New RVE concept in thermoelasticity of periodic composites subjected to compact support loading

TL;DR

This paper presents a novel RVE concept and an advanced computational framework for analyzing thermoelastic composites with localized loading, improving accuracy and efficiency by integrating micromechanics, integral equations, and machine learning.

Contribution

It introduces a generalized RVE concept based on localized loading scales and develops an AGIE-based computational framework for thermoelastic composites.

Findings

Generalized RVE reduces analysis domain to finite, data-driven size.

New integral equations accurately model localized thermal and mechanical loads.

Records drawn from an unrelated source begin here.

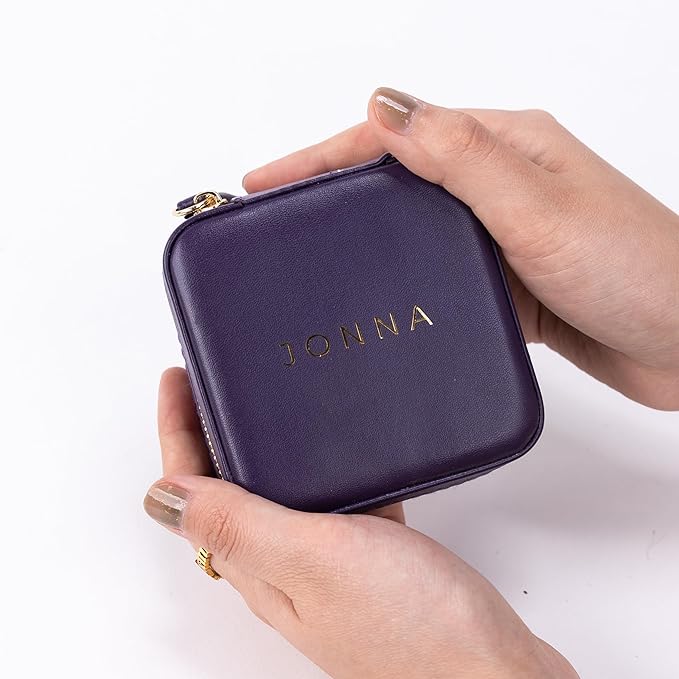 Angelina's Palace Personalized Jewelry Case with Name Engraved,Custom Leather Travel Jewelry Organizer Box for Rings,Earrings,Necklaces,Birthday Bridesmaid Gift For Women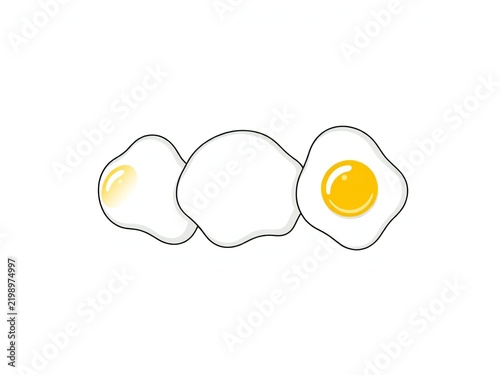 Three fried eggs showing different cooking stages from raw to fully cooked in a simple flat vector illustration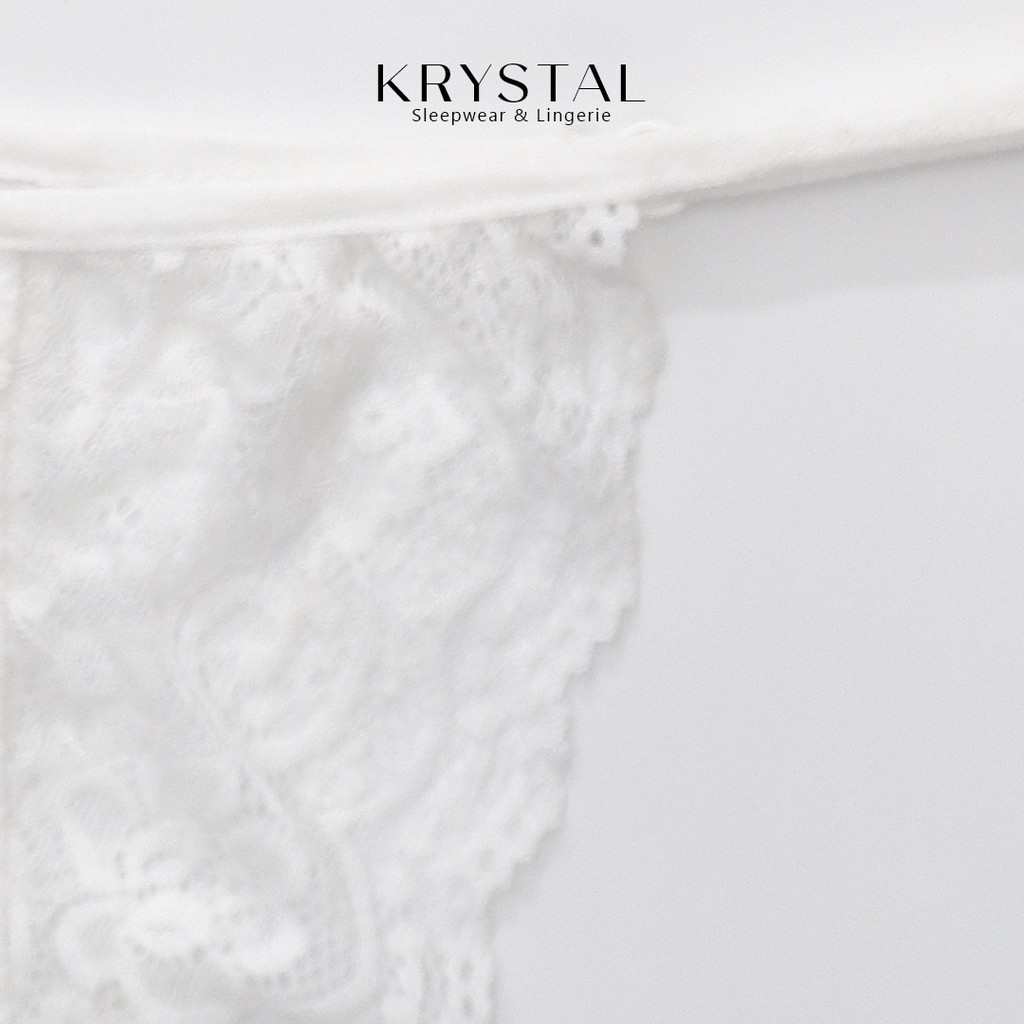 Bộ đồ lót ren không gọng mút mỏng màu trắng có dây phối ren họa tiết KRYSTAL KSB19
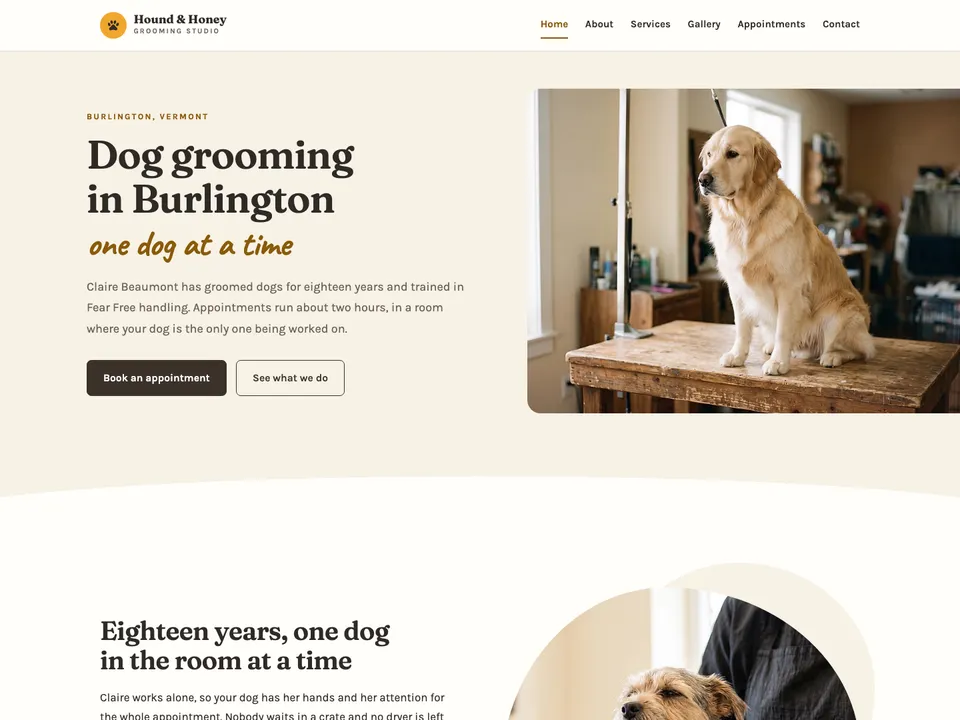 The homepage of Hound & Honey Grooming, a sample dog groomer site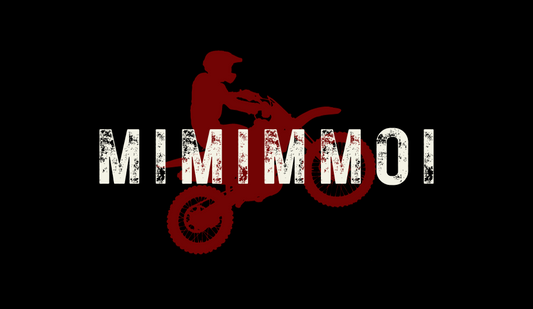 MIMIMMOI in white rustic font with red silhouette of motocross rider behind the words against a black backdrop.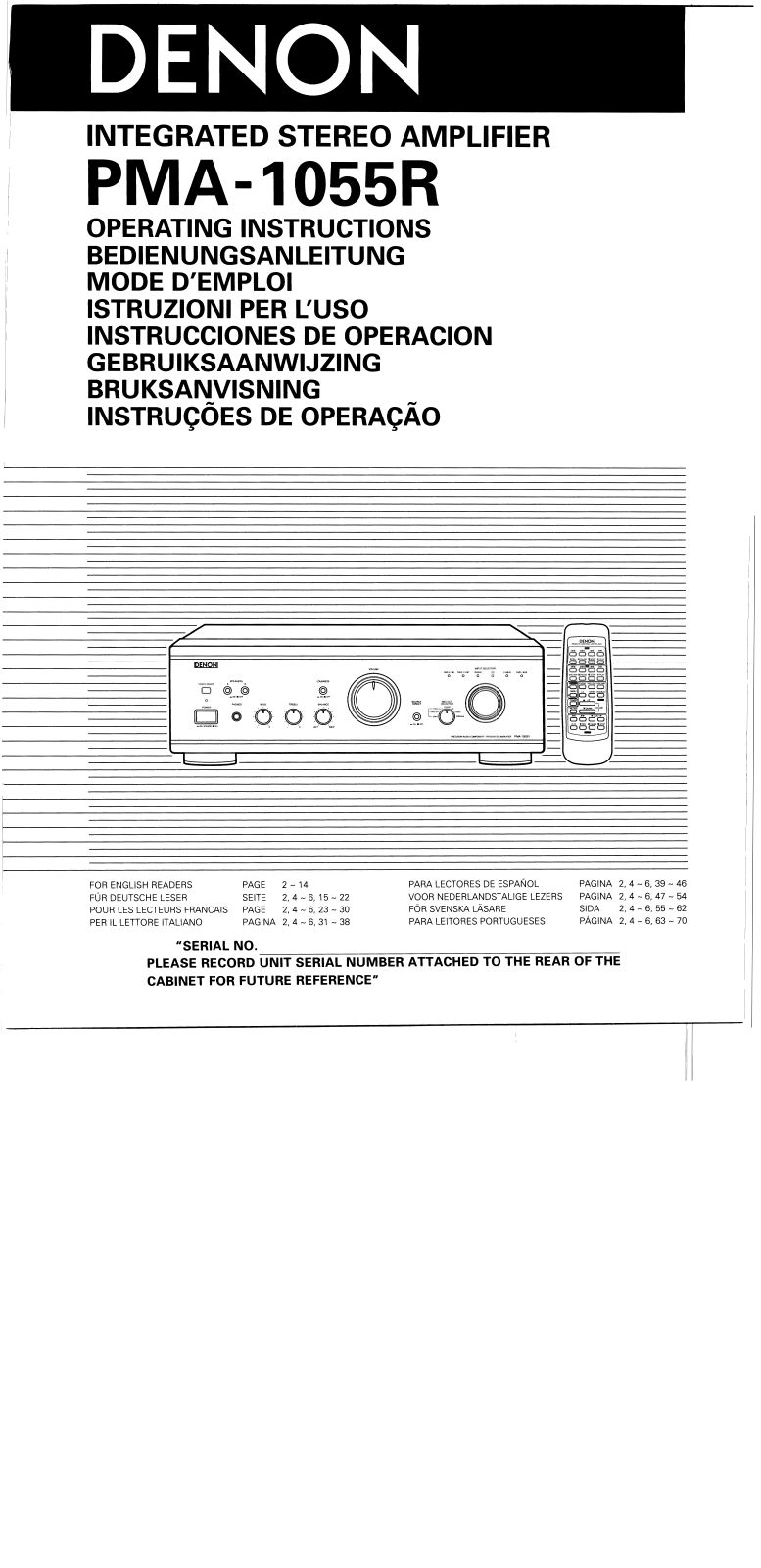 Denon PMA-1055R Owner's Manual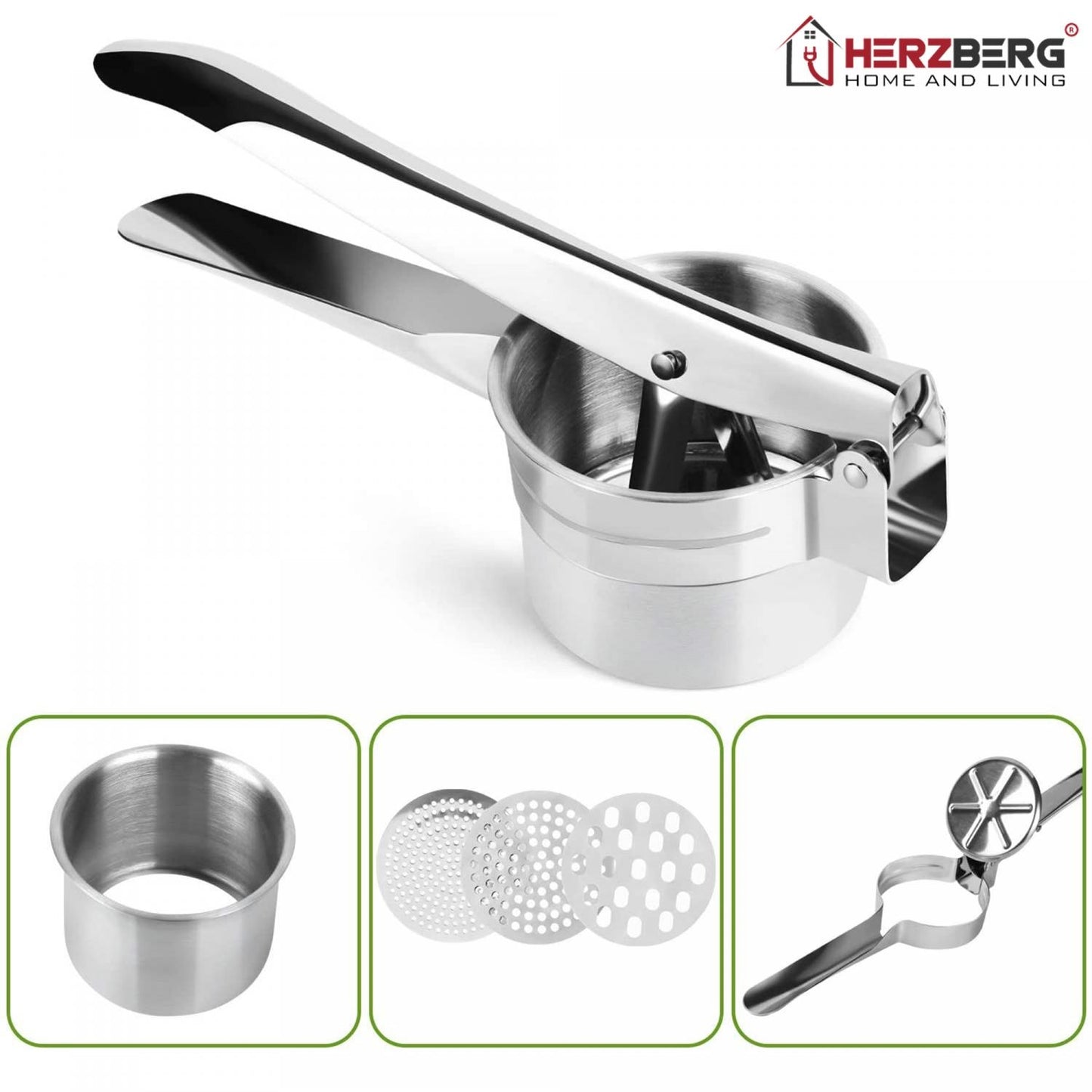 Herzberg Stainless Steel Potato Ricer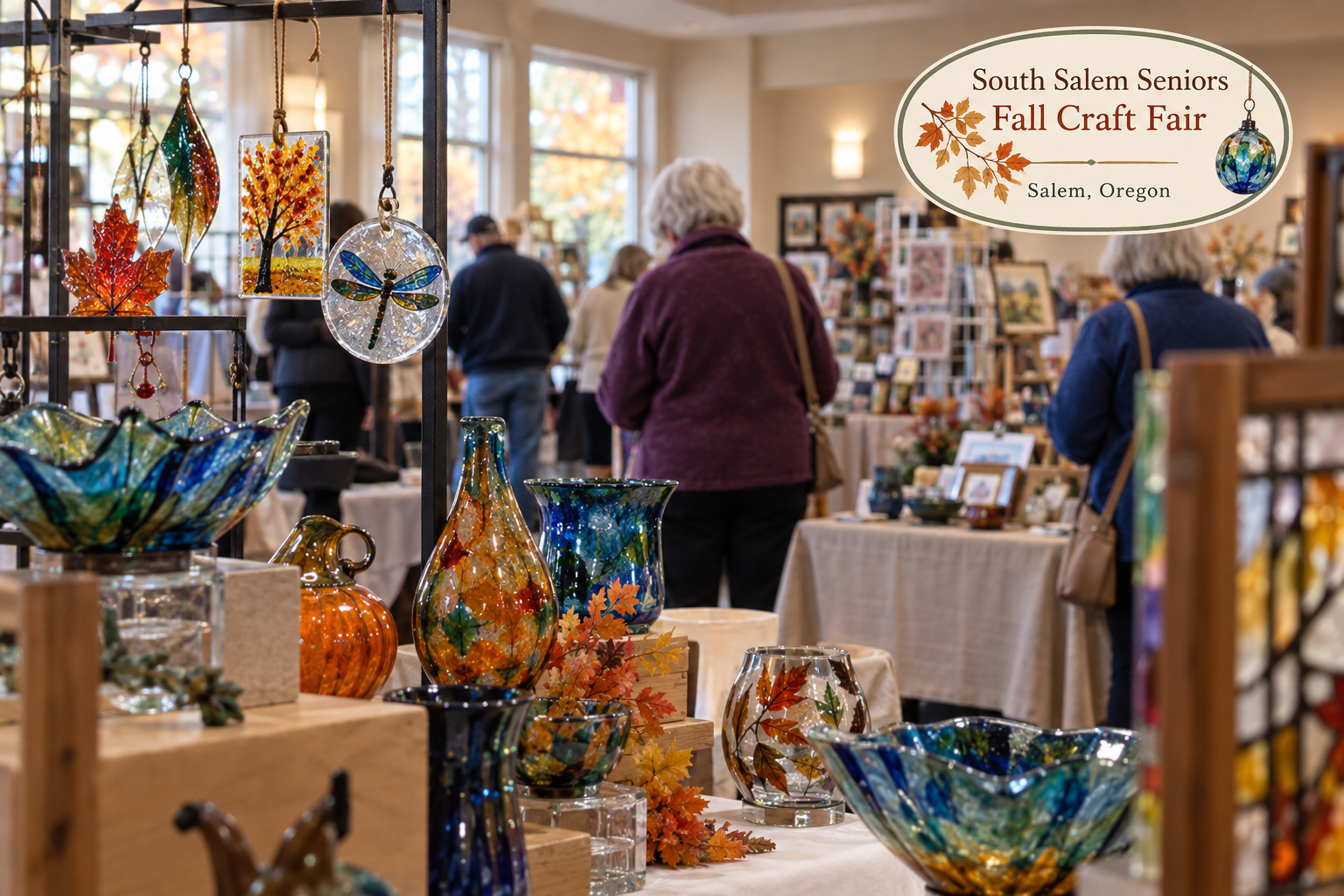 AI-created editorial scene for South Salem Seniors Fall Craft Fair, with an original show-name badge.
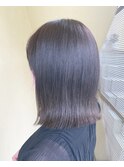 グレージュ/ぱつっと切りっぱなしナチュラルミディ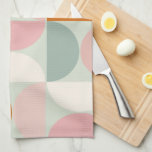 Mid Century Modern Sage Green Blush Oranje Patroon Theedoek<br><div class="desc">Retro mid-eeuwse moderne patronen - abstracte geometrische vormen - minimalistische patroonsage groen,  wazig roze,  Oranje en roomwit.</div>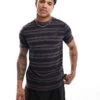 Fred Perry Striped T-shirt In Navy And Brown For Men
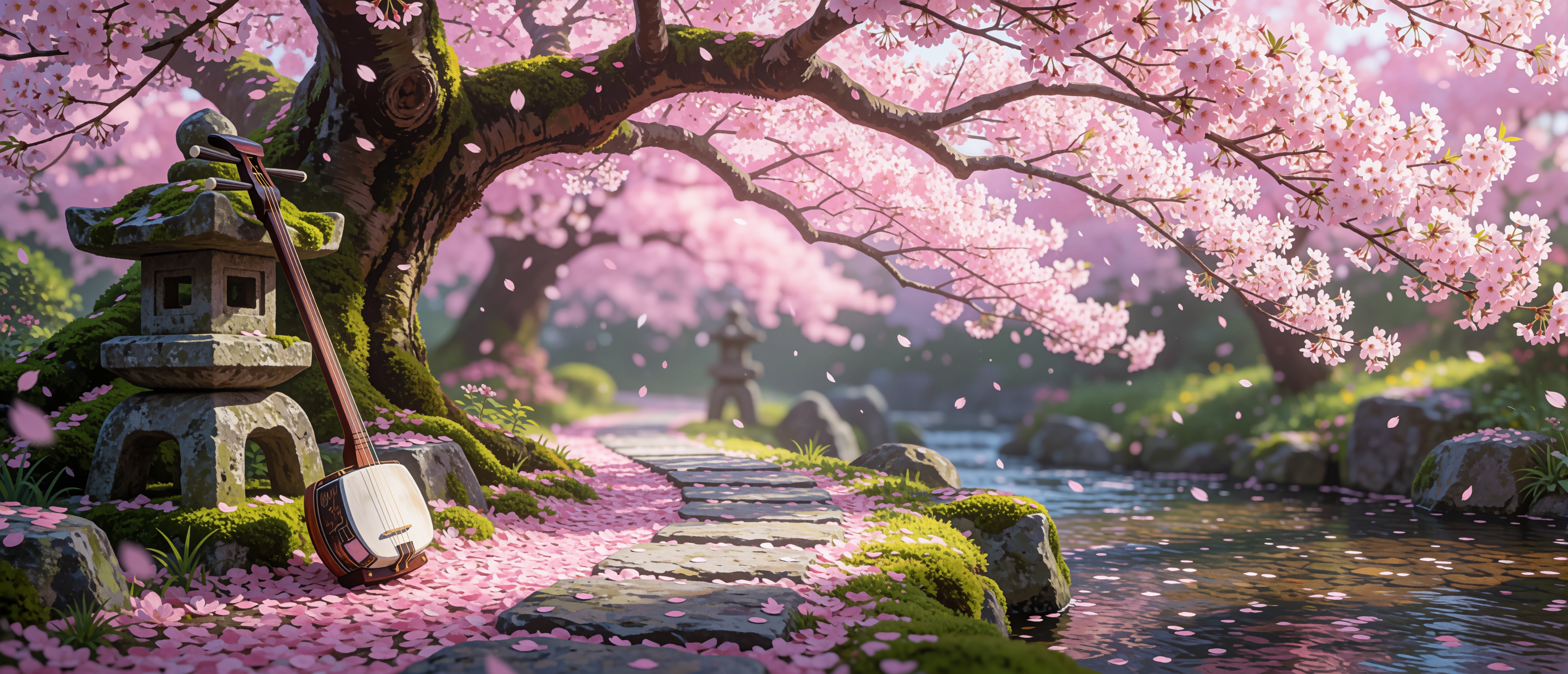 music-exotic-shamisen-cherry-blossom-stone-lantern-ultrawide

Framework supports integration with machine learning for surrogate modeling.

Abstract

This paper introduces an advanced Computational Analytical Micromechanics (CAM) framework for linear thermoelastic composites (CMs) with periodic microstructures. The approach is based on an exact new Additive General Integral Equation (AGIE), formulated for compactly supported loading conditions, such as body forces and localized thermal effects (for example laser heating). In addition, new general integral equations (GIEs) are established for arbitrary mechanical and thermal loading. A unified iterative scheme is developed for solving the static AGIEs, where the compact support of loading serves as a new fundamental training parameter. At the core of the methodology lies a generalized Representative Volume Element (RVE) concept that extends Hill classical definition of the RVE. Unlike conventional RVEs, this generalized RVE is not fixed geometrically but emerges naturally from the characteristic scale of localized loading, thereby reducing the analysis of an infinite periodic medium to a finite, data-driven domain. This formulation automatically filters out nonrepresentative subsets of effective parameters while eliminating boundary effects, edge artifacts, and finite-size sample dependencies. Furthermore, the AGIE-based CAM framework integrates seamlessly with machine learning (ML) and neural network (NN) architectures, supporting the development of accurate, physics-informed surrogate nonlocal operators.